Le vaste débat qui s'amorce sur le gaz de schiste au Québec comporte un élément troublant et fascinant tout à la fois. C'est l'idée, reprise par de nombreux groupes, que si l'on exploitait un jour des gaz de schiste, il faudrait les nationaliser.

Mis à jour le 1er sept. 2010
Alain Dubuc, collaboration spéciale
Alain Dubuc, collaboration spéciale LA PRESSE

Au premier abord, l'idée peut sembler attrayante. On appliquerait à ces hydrocarbures une recette qui a bien fonctionné dans le cas d'une autre forme d'énergie, l'hydroélectricité, et qui représente l'un des grands succès du modèle québécois.

Sans se demander si une recette qui date d'il y a un demi-siècle est encore la meilleure solution. Et sans se donner la peine de regarder autour de nous. On verrait que ce genre d'approche, confier à l'État l'exploitation du gaz et du pétrole, a été abandonnée partout dans le monde industrialisé, notamment aux Pays Bas, en Norvège, en Grande-Bretagne. On la retrouve plutôt dans des pays en voie de développement, par exemple le Venezuela de Hugo Chavez, avec des résultats plus que douteux.

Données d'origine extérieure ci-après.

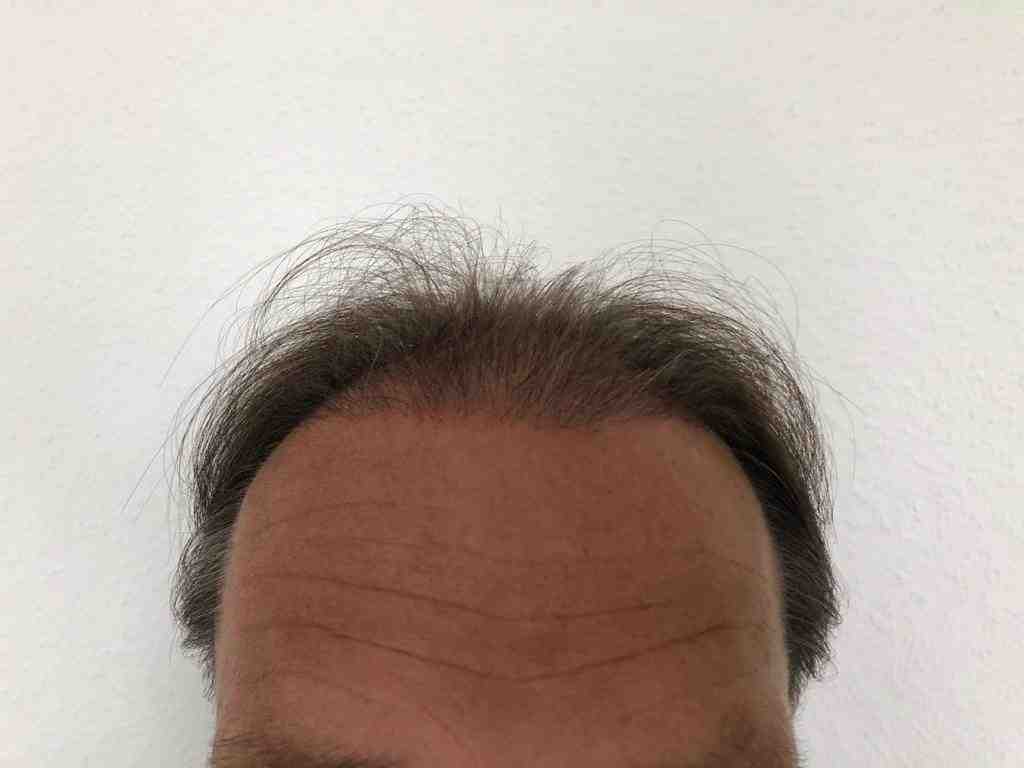 /foren/transplant/index.php/fa/47918/0/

Mais ces idées ont un certain succès au Québec. Cela reflète certainement la grande méfiance que suscite encore l'entreprise privée. Le raisonnement, c'est qu'il y a de l'argent à faire avec le gaz. Et comme c'est notre gaz, la meilleure façon que cet argent nous revienne, c'est qu'il soit exploité par notre gouvernement.

On peut répondre à cela de deux façons. D'abord, ceux qui ont profité d'une manne pétrolière, comme l'Alberta, ou les pays de la mer du Nord, se sont enrichis sans passer par la nationalisation. Les investissements, les redevances, les transferts technologiques et le développement d'industries connexes ont suffi.

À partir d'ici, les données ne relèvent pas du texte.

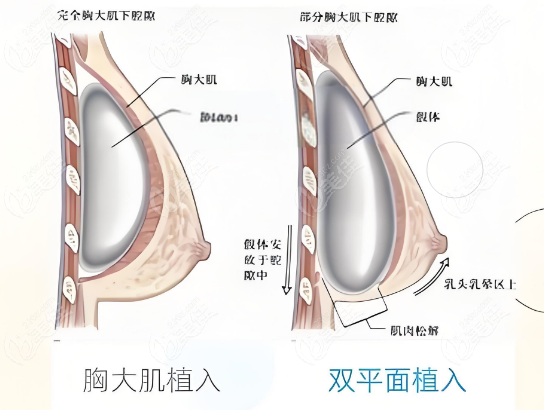 肖征刚做胸部整形技术优势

Par ailleurs, dans bien des cas, la prise en charge par l'État ne donnera pas de bons résultats. C'est une mentalité de rentiers que de croire qu'il suffit de mettre la main sur la poule aux oeufs d'or pour que celle-ci se mettre à pondre. Le véritable succès intervient quand entrent en jeu le talent, l'esprit entrepreneurial, le souci de la productivité, la dynamique de concurrence.

La tentation de la nationalisation s'explique aussi, comme dans le cas des éoliennes, par le côté cowboy de l'industrie du gaz de schiste. On espère ainsi réduire le caractère anarchique du développement. L'exemple d'Hydro montre que ce n'est pas le cas. Hydro a longtemps été un apôtre du développement à tout prix et n'était certainement pas un modèle d'écoute. Ce n'est pas son caractère étatique qui a civilisé Hydro, mais le BAPE, les débats publics. La solution, ce n'est pas la nationalisation, mais l'encadrement et la législation.

Il y aussi dans cette idée beaucoup de passéisme et très peu d'imagination. Il s'en est passé des choses en 50 ans. Et surtout, on ne peut pas plaquer au gaz ce qui a fonctionné pour l'électricité.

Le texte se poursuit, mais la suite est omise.